The Trust
When my grandfather died, I didn’t even know what to wear to his funeral. I owned one black suit from a job interview years ago, and it still smelled faintly of old cologne and cheap dry-cleaning chemicals that no amount of airing could fully remove. I stood in the back of the chapel while people in tailored coats whispered about “legacy” and “real estate holdings,” like my grandfather was a company instead of a man who used to slide extra pancakes onto my plate and say, “Eat, kid.
The world doesn’t care if you’re hungry.”
Walter Hale. Seventy-nine years old.

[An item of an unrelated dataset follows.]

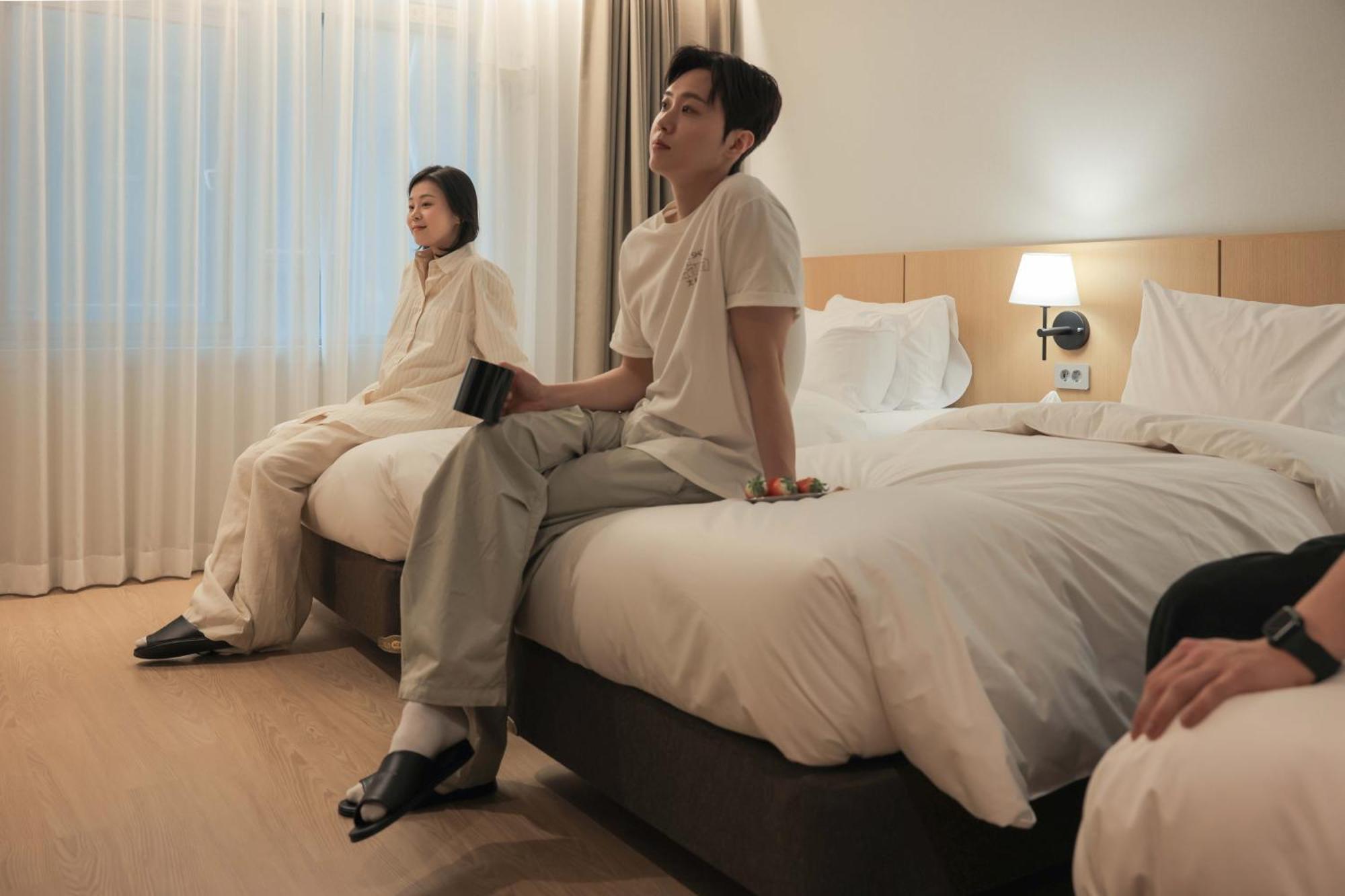 Aank Hotel Incheon Guwol 외부 사진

Built houses for a living—not developed them, not invested in them, built them.
Started as a framer at nineteen, worked his way to a general contractor’s license by twenty-six, and spent the next five decades turning empty lots into homes for people who needed them. He wasn’t flashy about money. He drove the same truck for twelve years, ate lunch from a thermos, and considered a new pair of work boots an extravagance worth deliberating over.

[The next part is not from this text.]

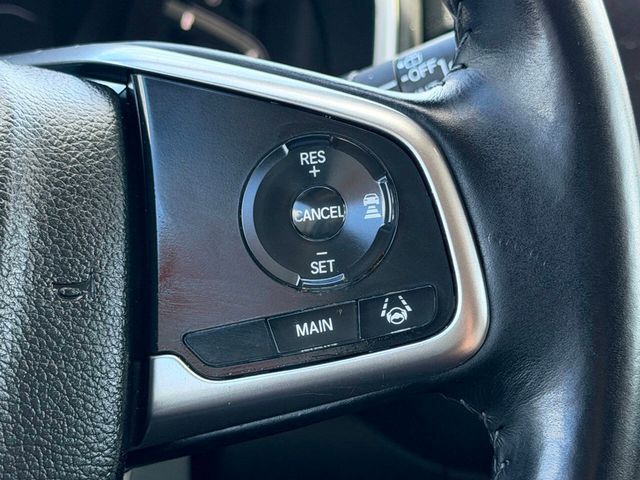 2017 Honda CR-V EX-L AWD - 23025735 - 27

But he was good at what he did, and the homes he built held their value the way homes do when someone pours actual craftsmanship into them instead of cutting corners to meet a margin. By the time he retired, he had property, investments, and a quiet fortune that he never discussed because he considered talking about money roughly equivalent to talking about your bowel movements—technically possible, but why would you. I hadn’t seen my parents in almost a decade.
Not since they’d stopped answering my calls and told anyone who asked that they didn’t have a son. So when I stepped outside the chapel into the cold and saw Scott and Brenda Carter standing by the hearse in their coordinated winter coats, I thought my grief was playing tricks on me. My mother’s eyes skimmed over me like I was a stain on the upholstery.